- [COLLECTED DATA]:
################
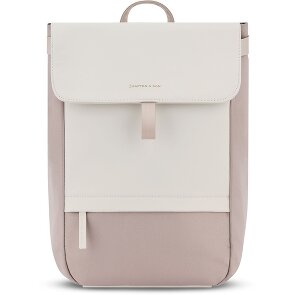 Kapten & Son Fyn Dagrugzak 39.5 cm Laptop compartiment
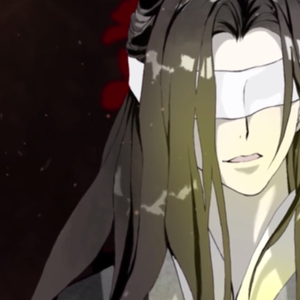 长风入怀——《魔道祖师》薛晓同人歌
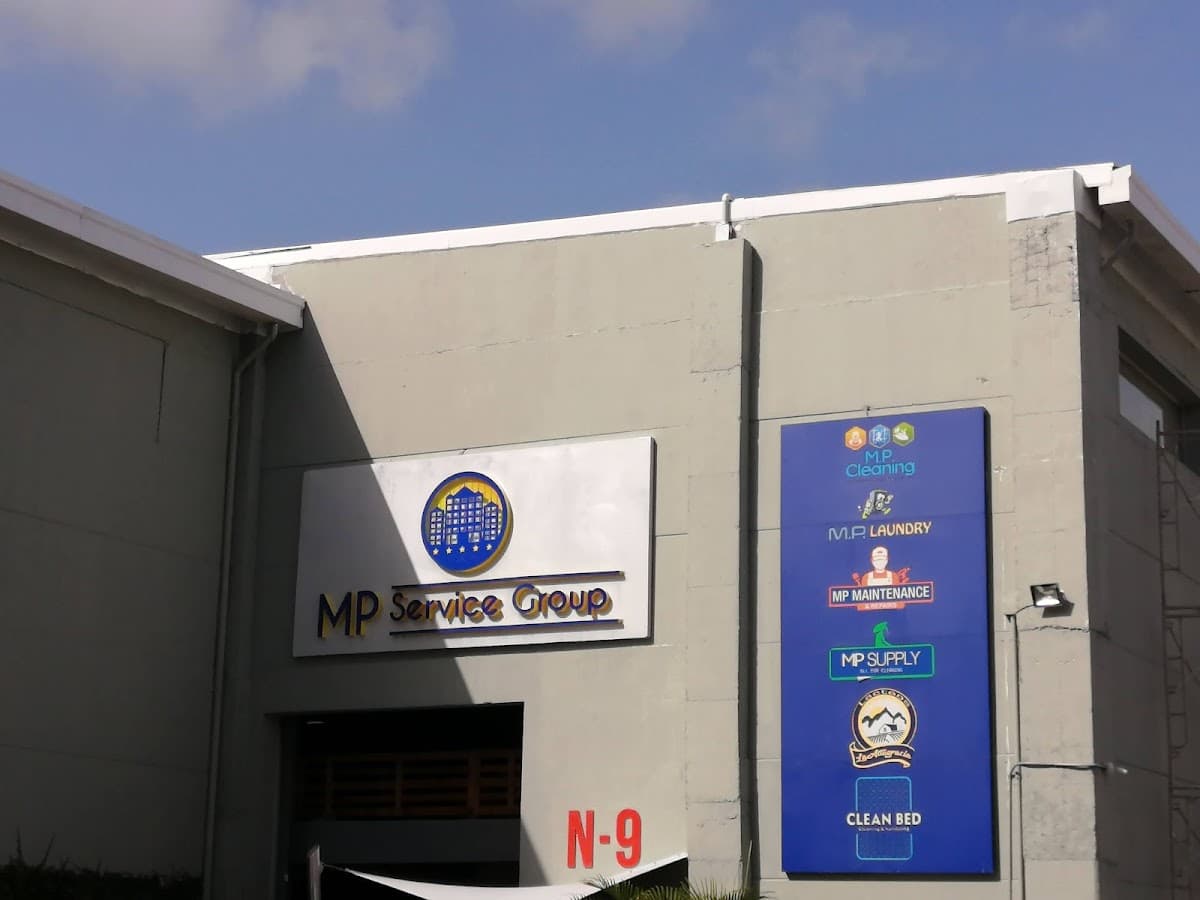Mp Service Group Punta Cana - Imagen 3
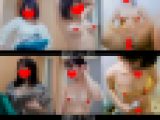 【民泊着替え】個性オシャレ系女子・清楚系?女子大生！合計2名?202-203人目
################
- [ASSIGNMENT]: The pictures in the listing above are to be dropped, and everything else reproduced exactly.

- [EXERCISE OUTPUT]:
 Kapten & Son Fyn Dagrugzak 39.5 cm Laptop compartiment
 长风入怀——《魔道祖师》薛晓同人歌
Mp Service Group Punta Cana - Imagen 3
 【民泊着替え】個性オシャレ系女子・清楚系?女子大生！合計2名?202-203人目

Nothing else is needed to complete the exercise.